Major airlines have increased fares seven times since the start of the year as fuel prices rose.
Airbus also said it is pushing back first delivery of two modified versions of its A350 widebody jet by two years, to 2016 and 2017. The flagship version of the plane will still be delivered as currently planned in 2013, Gallois said. The extra time is needed for engine supplier Rolls Royce to develop a more powerful motor for an extended-range version of the aircraft, while customers’ growing preference for the standard version means Airbus can delay the launch of the smallest iteration of the aircraft without problem.
EADS will also demonstrate the world’s first diesel-electric hybrid aircraft at the show, another leg in its strategy of cutting its fleet’s carbon dioxide emissions by 50 percent by 2050.
The airshow will also be the battleground in the traditional yearly showdown between Boeing and Airbus for dominance in booking new orders. Airlines in fast-growing Asian and Middle Eastern countries have been ordering hundreds of new aircraft to meet skyrocketing air traffic in those regions.
Airbus edged out Boeing at last year’s Farnborough International Airshow, racking up deals totaling $13.2 billion, while Chicago-based Boeing’s commitments came in at $12.8 billion.
Those results were both a big improvement over the results of the last Paris Air Show in 2009, when many airlines closed their checkbooks in the wake of the global financial meltdown.
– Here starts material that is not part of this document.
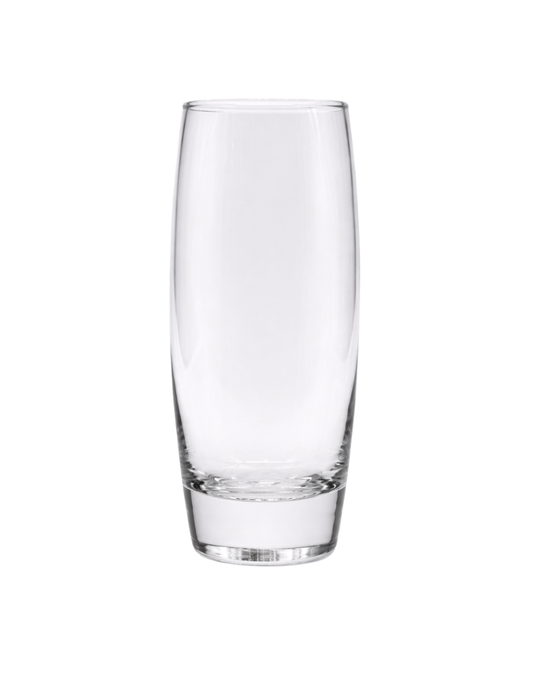 Endessa Hiball 320ml (END004)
Last week Boeing Co. upped its forecast for aircraft demand over the next 20 years, saying airlines will need $4 trillion worth of new planes to meet a pickup in passenger numbers, particularly in the Asia-Pacific region.
Airlines will need 33,500 new jets from now through 2030, Boeing said, to meet market demand that is expected to be “resilient” in the coming years, with 5 percent average annual passenger traffic growth.
The largest market will be for single-aisle jets like Airbus’ A320 and Boeing’s 737, seating between 90 and 240 passengers.
Going into next week’s event, Airbus has taken in 176 gross orders this year, compared to Boeing’s 183 gross orders.
Boeing is the world’s No. 2 commercial jet maker after Airbus, based on 2010 deliveries. Airbus delivered 510 commercial planes last year, compared with 462 for Boeing.